Design and evaluation of the Pictet-Spengler ligation. (A) The Pictet-Spengler reaction. (B) The Pictet-Spengler ligation. (C) Synthesis of aldehyde- and ketone-reactive indoles used in this study. (D) Second-order rate constants for the reaction of 1a with isobutyraldehyde in D₂O solutions containing 100 mM deuterated acetate (pD ≤ 5.5) or phosphate (pD ≥ 6.0) buffers. Error bars represent SD of at least three replicate experiments. ADDP, 1,1′-(azodicarbonyl)dipiperidine; DBU, 1,8-diazabicyclo[5.4.0]undec-7-ene; DIPEA, diisopropylethylamine; PFP, pentafluorophenyl; TBAF, tetrabutylammonium fluoride; TBS, tert-butyldimethylsilyl; Teoc, 2-(trimethylsilyl)ethoxycarbonyl.

Fig. 2.

Hydrolytic stability of a model oxime and oxacarboline. (A) Scheme showing hydrolysis of indoles 5a and 5b. (B) Liquid chromatography data showing hydrolysis of 1 μM 5a and 5b at room temperature over 2 d.

Fig. 3.

Optimization of the Pictet-Spengler ligation on glyoxyl-Mb. (A) General scheme for biotinylation of glyoxyl-Mb. Indole 1b exhibits (B) concentration-dependent, (C) time-dependent, and (D) pH-dependent labeling of glyoxyl-Mb. Additionally, (E) biotinylation can be diminished by cotreatment with BnONH₂. Mb (– aldehyde) or glyoxyl-Mb (+ aldehyde) was treated with (B) 0–200 μM 1b for 3 h at pH 4.0, (C) 250 μM 1b for 0–2 h at pH 4.0, (D) 250 μM 1b for 3 h at pH 4.0–7.5, or (E) 100 μM 1b for 3 h at pH 4.5 in the presence of 0–800 μM BnONH₂. All reactions were run at 37 °C and quenched with 10 mM benzaldehyde before resolution by SDS/PAGE. Biotinylation was assessed with an FITC-conjugated α-biotin antibody and total protein loading with Ponceau S.

Fig. 4.

Modification of FGly-MBP by the Pictet-Spengler ligation. (A) Scheme depicting Pictet-Spengler ligation with FGly-MBP followed by thrombin-catalyzed cleavage of a C-terminal 8-mer peptide containing the oxacarboline. (B) Deconvoluted mass spectra of Pictet-Spengler ligations. FGly-MBP and MBP C390A were incubated with 1 mM 1a at pH 5.0 for 12 h at 37 °C before analysis by ESI-MS. Expected masses (Da): FGly-MBP, 43256, and 43238 (M – H₂O); FGly-MBP + 1a, 43486; MBP C390A, 43242. (C) Thrombin-catalyzed cleavage of FGly-MBP conjugates. (D) Fluorescence polarization analysis of AF488-MBP conjugate hydrolysis; (Inset) polarization of solutions immediately following thrombin addition.
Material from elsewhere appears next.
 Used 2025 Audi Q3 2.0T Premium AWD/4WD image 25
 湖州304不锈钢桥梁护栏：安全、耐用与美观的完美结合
Solutions containing 100 nM AF488 conjugate were incubated in PBS (pH 7.2) at 37 °C for 1 wk before thrombin addition.

Fig. 5.

Characterization of FGly-α-HER2 modified by the Pictet-Spengler ligation. (A) Reducing and nonreducing SDS/PAGE analysis of FGly-α-HER2 and AF488-α-HER2. (B) Median fluorescence intensity of SKOV3 and Jurkat cell populations treated with human antibodies. Cells were treated with AF488-α-HER2, FGly-α-HER2, or human isotype control and then fluorescently labeled with α-hIgG and α-AF488 antibodies. Error bars represent SD of three replicate experiments. βME, beta-mercaptoethanol.